Stocks are holding up but investors are rushing into money markets
Key points:
- Assets parked in money market funds have jumped by more than 33% over the past year
- That's the 2nd most extreme year-over-year increase in 40 years
- When assets rise by more than 20% over a year, future returns in stocks tend to be above average
As yields rise, investors rush into money market funds
Investors have been shoving money into cash, and there's no slowdown in sight. As Bloomberg recently noted:
Money-market funds have been scooping up cash in recent months, fueled in large part by depositors pulling their money away from US banks. Much of that flow was driven by more attractive rates, but concern about the steadiness of some smaller lenders helped turbocharge that move last month.
According to the Federal Reserve, retail investors held more than $1.3 trillion (with a "t") in money market assets as of early April. That is, by far, a record high.

Perhaps the most notable aspect is the drastic growth rate in these assets over the past year. The assumed reasons are increased yield on money market funds, paltry yields on bank saving and checking accounts, and uncertain sentiment regarding stocks and other markets after a disastrous year in 2022.
The only other time in 40 years when money market assets grew by more than a third was February 1990, also when the country was dealing with a banking crisis and a near-doubling of interest rates in the years prior.
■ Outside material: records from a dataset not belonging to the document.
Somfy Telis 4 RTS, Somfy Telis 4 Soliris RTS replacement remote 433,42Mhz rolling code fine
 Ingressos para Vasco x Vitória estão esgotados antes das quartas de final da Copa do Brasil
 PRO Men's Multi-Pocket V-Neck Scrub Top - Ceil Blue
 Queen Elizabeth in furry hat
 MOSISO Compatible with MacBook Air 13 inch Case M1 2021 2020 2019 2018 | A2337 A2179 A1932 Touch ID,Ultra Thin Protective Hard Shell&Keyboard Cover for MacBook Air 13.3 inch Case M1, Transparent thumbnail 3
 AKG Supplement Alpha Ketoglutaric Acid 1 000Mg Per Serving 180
Whatever the reasons, the implications are that the money, or at least some of it, eventually tends to find its way into the stock market.
When cash levels rise quickly
Avoiding the circular argument about "cash on the sidelines," whenever there has been a rush of cash into money market funds, the medium-term performance of the S&P 500 has been quite good. The biggest caveat is 2008, which was decidedly not.
Assets were growing by more than 20% year-over-year by January of this year, so the table below looks at longer-term returns. Outside of 2008, returns were positive, with particularly outsized gains over the next two years.

Other markets didn't respond nearly as favorably. Over the next nine months, Treasury note prices, gold, and commodities generally showed consistent losses, typically in concert with a rising dollar.

Technology and Health Care tended to show some of the strongest returns among sectors and factors. Thanks in part to 2008, the Defensive sector held up the best, as did Large-Cap stocks. Also, thanks to solid returns outside of 2008, Growth stocks sported the best returns one and two years later.

Looking at the consistency of returns, the biggest standout is the difference between Small-Cap and Large-Cap stocks.

What the research tells us...
The rapid surge in assets held at money market funds cannot fully be explained by investors' fears about the stock market. Maybe not even mostly explained by it. Unlike some past episodes, the surge in those assets over the past six months hasn't gone hand-in-hand with a market decline. It seems clear that much, even most, of the rise is due to investors chasing yields on some of the safest instruments available.
But that, in itself, tells us something about sentiment. While a sudden and drastic rise in these liquid investments proved to be a horribly false buy signal in 2008, other instances proved to be good times for investors to move opposite the crowd and put their money into other assets like stocks.